62 years in the making: NYC's newest water tunnel nears the finish line
Pop culture and public imagination
- Multiple commenters connect the tunnel to its depiction in “Die Hard 3,” using it as a symbol of long-running mega-projects.
- Jokes riff on future action/post‑apocalyptic movies featuring unfinished California HSR as the new “big infrastructure backdrop.”
- Several people express excitement that this is the same tunnel they recall from the film.
Tours and public interest in megaprojects
- Commenters hope for public tours before the final section is flooded and sealed for decades.
- People reference other civil‑engineering tours, especially Tokyo’s Metropolitan Area Outer Underground Discharge Channel, and ask for similar lists for infrastructure tourism.
Why so deep? Engineering and geology
- Users ask why parts of the tunnel are ~800 feet down and how depth affects drilling energy and rock pressure.
- Responses:
- Main reasons cited are: needing gravity flow over 60 miles; staying in solid bedrock to avoid unstable soils; and avoiding conflicts with dense surface/near-surface infrastructure.
- Some clarify the average depth is closer to ~400 feet and that local geology (bedrock vs clay/silt in Brooklyn/Queens) likely drove design.
- Several note that drilling difficulty depends far more on rock type and water ingress than on absolute depth; “depth vs effort” has no simple formula and is highly site-specific.
- Tunnel boring here is more “hammering” than classic drilling; depth per se doesn’t slow the machines much.
Purpose, lifespan, and redundancy
- Beyond capacity, a key purpose is redundancy: Tunnel 3 enables shutting older tunnels for inspection and major repairs.

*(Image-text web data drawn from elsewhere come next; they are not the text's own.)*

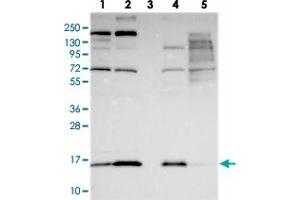 Western blot analysis of Lane 1: RT-4, Lane 2: U-251 MG, Lane 3: Human Plasma, Lane 4: Liver, Lane 5: Tonsil with COX20 polyclonal antibody  at 1:250-1:500 dilution. (FAM36A anticorps)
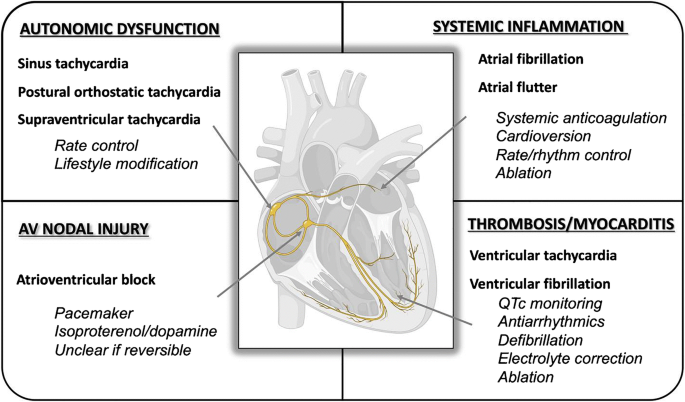 Management Of Arrhythmias Associated With Covid 19 Springerlink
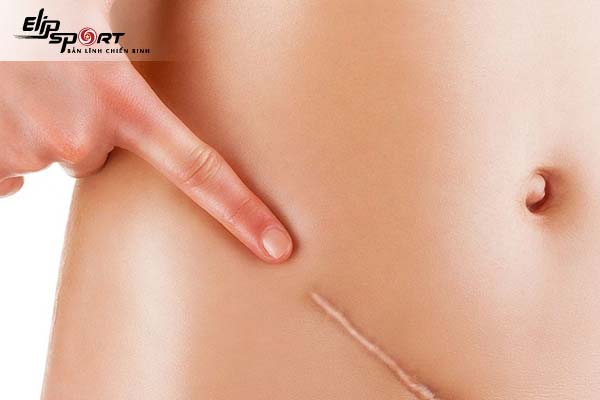 mổ ruột thừa có nên đi lại nhiều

- Commenters note targets of ~200–300 years of service life, comparing to Roman aqueducts and ancient tunnels that still function in some form.
- Speculation about how long an unmaintained tunnel would last is raised but remains unclear.
Desalination vs gravity‑fed supply
- One thread asks when desalination plus cheap clean energy might beat a 60‑mile gravity tunnel.
- Most replies are skeptical:
- Tunnel: very high upfront capital but extremely low operating cost (gravity-fed, minimal energy, rare major maintenance).
- Desalination: ongoing high operating and maintenance costs; economically more plausible where fresh water is scarce.
- Some argue desalination is more relevant for the US West Coast; the East has abundant freshwater, though there’s mention of mismanagement and legacy water rights in California.
Timelines, cost, and corruption debates
- Several participants see the ~62‑year timeline as evidence of political friction, funding pauses, and possibly broader US infrastructure dysfunction rather than technical limits.
- Others question whether the duration is actually abnormal for such a massive urban project, pointing out:
- Construction was intermittently funded and phased.
- The tunnel must be extraordinarily reliable and long-lived; “patching after release” is difficult.
- Debate over NYC corruption:
- One side claims NYC infrastructure is uniquely expensive and graft‑ridden, citing investigative reporting on massively inflated labor and construction costs in transit projects.
- Others counter that:
- Corruption metrics aren’t clearly worse than in comparable US metros.
- Federal prosecution data show a long‑term decline in corruption cases in Manhattan specifically.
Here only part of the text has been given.